### Your task
Within the material below, transcribe exactly the lines from the one holding "Houseboat In Damgarten * Ribnitz-Damgarten" through the one holding "Назад в 1990-е: какие", keeping both ends and skipping the rest.

### Material provided
● ● ● ●

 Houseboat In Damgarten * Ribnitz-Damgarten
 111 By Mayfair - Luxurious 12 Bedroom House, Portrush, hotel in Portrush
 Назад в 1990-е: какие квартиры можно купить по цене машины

● ● ● ●

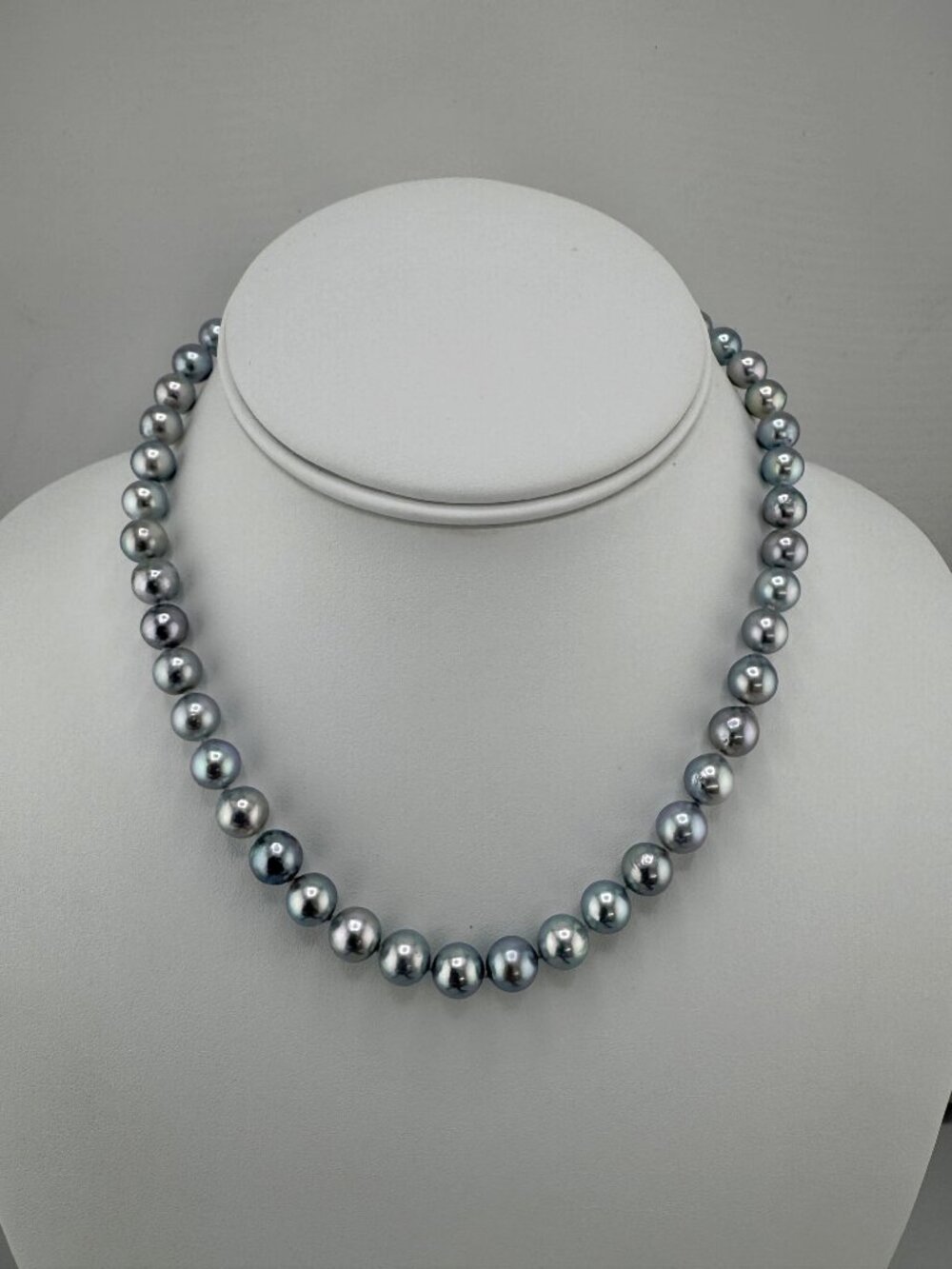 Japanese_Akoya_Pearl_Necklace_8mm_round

● ● ● ●

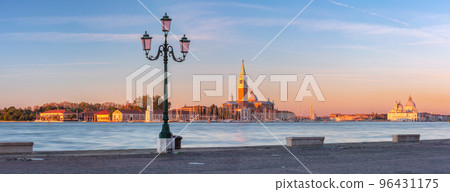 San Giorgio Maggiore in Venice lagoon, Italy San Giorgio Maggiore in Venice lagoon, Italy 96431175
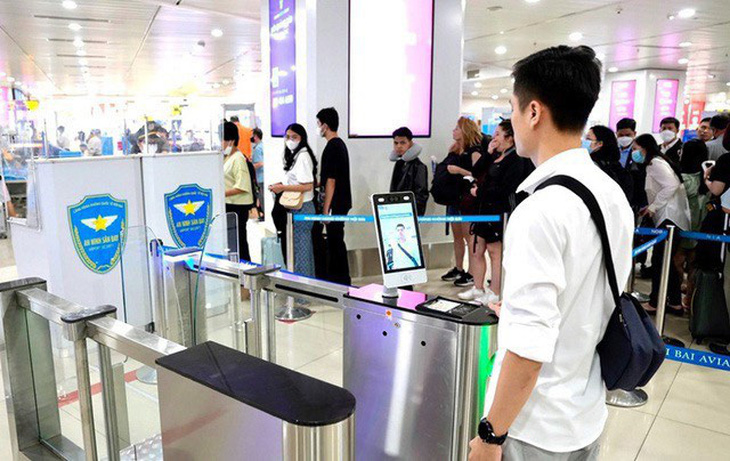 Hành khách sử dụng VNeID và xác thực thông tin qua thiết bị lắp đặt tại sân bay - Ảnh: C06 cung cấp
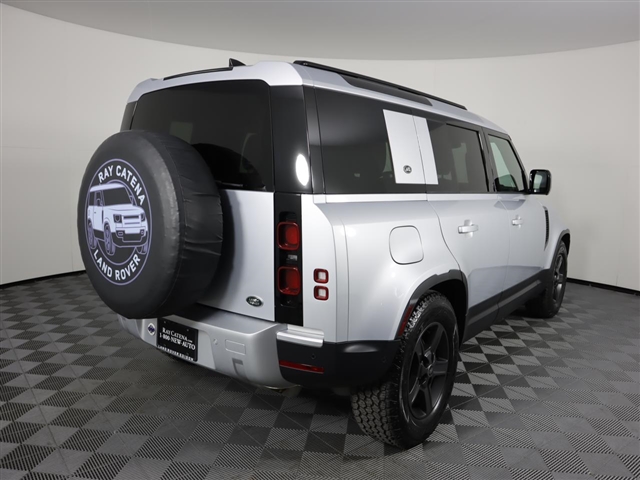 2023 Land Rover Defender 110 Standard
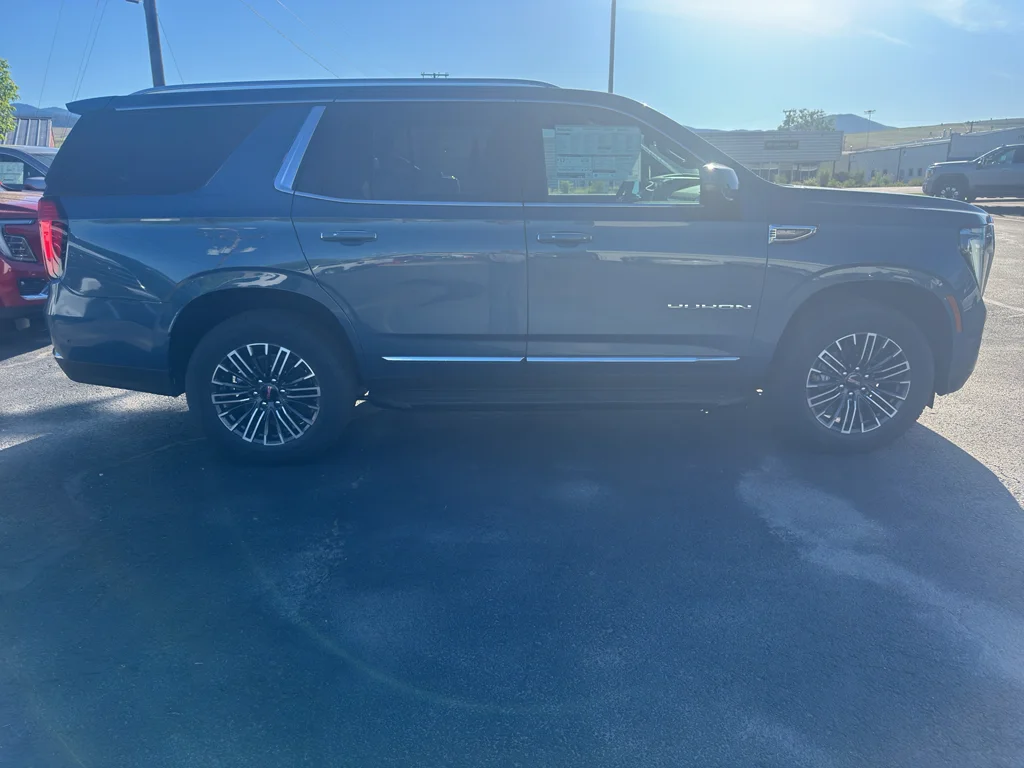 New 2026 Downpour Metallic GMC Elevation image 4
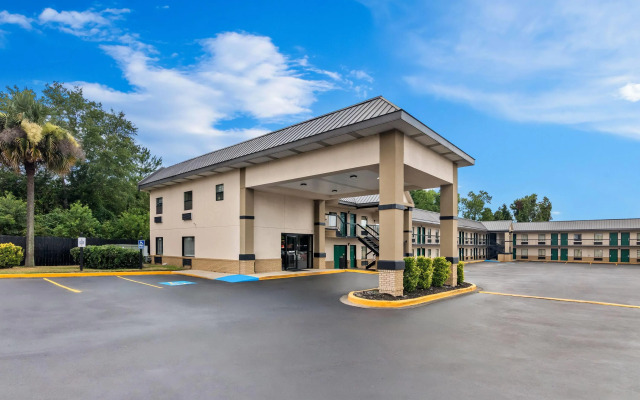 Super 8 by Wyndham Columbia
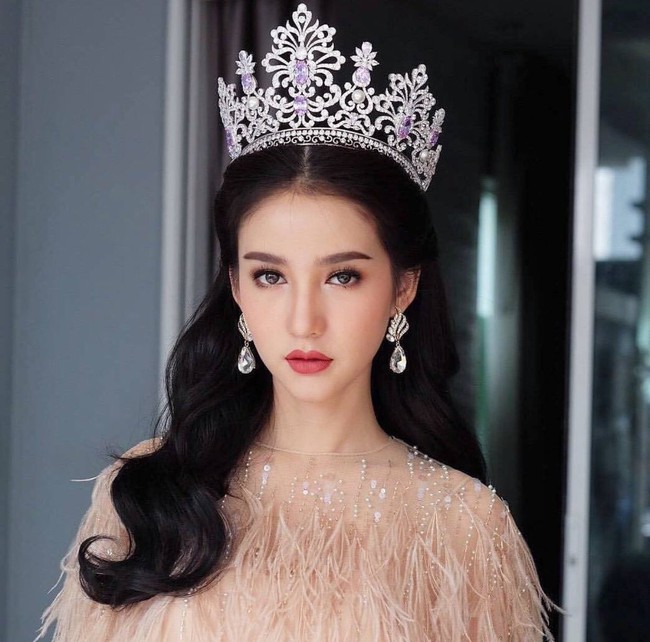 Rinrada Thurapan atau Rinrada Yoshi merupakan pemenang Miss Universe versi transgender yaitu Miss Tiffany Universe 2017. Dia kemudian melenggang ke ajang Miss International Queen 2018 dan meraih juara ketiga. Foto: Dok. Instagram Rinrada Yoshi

● ● ● ●

### Response
 Houseboat In Damgarten * Ribnitz-Damgarten
 111 By Mayfair - Luxurious 12 Bedroom House, Portrush, hotel in Portrush
 Назад в 1990-е: какие квартиры можно купить по цене машины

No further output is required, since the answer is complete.